MMP breaks down the ECM and reduces the content of COL-1. This change is a clear sign of skin damage caused by UV radiation [22]. In this study, GOS oral intake was shown to reduce MMP expression, increase TIMP and COL-1 expression, and protect against skin damage.
2.4. Effect of GOS Intake on Cytokine Levels in UVB-Irradiated Hairless Mice
IL-6, IL-12, and TNF-α levels determined by ELISA analysis in the CON group were found to be high compared to those in the normal group (Figure 4: IL-6, 2.28-fold; IL-12, 1.99-fold; TNF-α, 1.97-fold). We also found that the administration of GOS and CTP was associated with a decrease in cytokine levels in skin tissues. GOS and CTP orally-administered groups showed lower IL-6 (CTP and GOS: p < 0.001), IL-12 (CTP and GOS: p < 0.001), and TNF-α (CTP and GOS: p < 0.001) levels than the CON group. GOS and CTP oral intake inhibited the increase in cytokine expression induced by UV irradiation. Ultraviolet irradiation induces the expression of various inflammatory mediators, such as IL-6, IL-8, IL-10, and IL-12, and is directly or indirectly involved in skin inflammatory reactions [23]. These inflammatory cytokines have been reported to stimulate epidermal keratinocytes and skin fibroblasts to regulate MMP levels and break down skin collagen and elastic fibers, thus inducing wrinkles [17].
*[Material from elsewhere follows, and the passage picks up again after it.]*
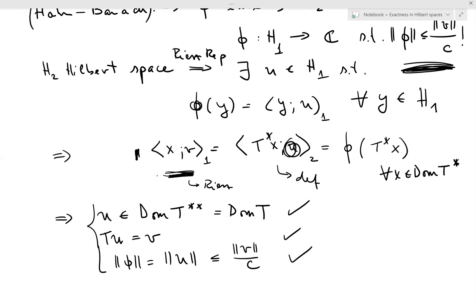Next time we will apply this result to solve our del-bar problem with L2 estimates, following Hörmander. Thank you for your attention.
In our study, UVB irradiation also increased inflammatory cytokines levels significantly. This increase in inflammatory cytokines was less marked upon administration of GOS (Figure 4). According to a study by Tanabe and Hochi [10], oral ingestion of GOS inhibits the production of inflammatory cytokines such as IL-1β, IL-6, IL-17 and tumor necrosis factor in Nc/Nga mice. In addition, by suppressing the production of cytokines associated with skin inflammation, it was found to effectively block atopic dermatitis-like skin lesions in mice. Previous studies have shown that GOS consumption promotes the growth of beneficial bacteria such as Bifidobacterium and Lactobacillus [24,25]. Bifidobacterium and Lactobacillus have been reported to enhance the immune function of the host by increasing intestinal immunoglobulin A [26] and enhancing the protective function of the mucosal surface [27]. However, few studies have been conducted on the correlation between increased intestinal beneficial bacteria and decreased inflammatory cytokines. It is necessary to further investigate the relationship between changes in the intestinal flora and inflammatory cytokines.
2.5. GOS Intake Prevents MAPK Phosphorylation in UVB-Irradiated Hairless Mice
UV affects inflammatory cells, mainly neutrophils [28]. UV-stimulated neutrophils produce inflammatory cytokines and ROS, causing inflammation through the activation of the mitogen-activated protein kinase (MAPK) pathway [29]. By activating MAPK signaling, the inflammatory response caused by the activation of ERK, JNK, and p38 kinase induces the activation of activator protein-1, increasing the damage to lipids, proteins, nucleic acids, and enzymes and causing skin aging [30].
UVB radiation produces ROS that cause oxidative stress, leading to the activation of MAPK. MAPK signaling molecules were analyzed by Western blotting to investigate the effect of GOS intake on UVB-stimulated MAPK signaling activation. Overexpression of the phosphorylated proteins, p-ERK1 (p < 0.001), p-JNK (p < 0.001), and p-p38 (p < 0.001), was observed in the CON group (Figure 5). The GOS group produced low amounts of p-ERK1, p-JNK, and p-p38. The photoprotective effect of GOS ingestion may be linked to the inhibition of protein production in the MAPK pathway.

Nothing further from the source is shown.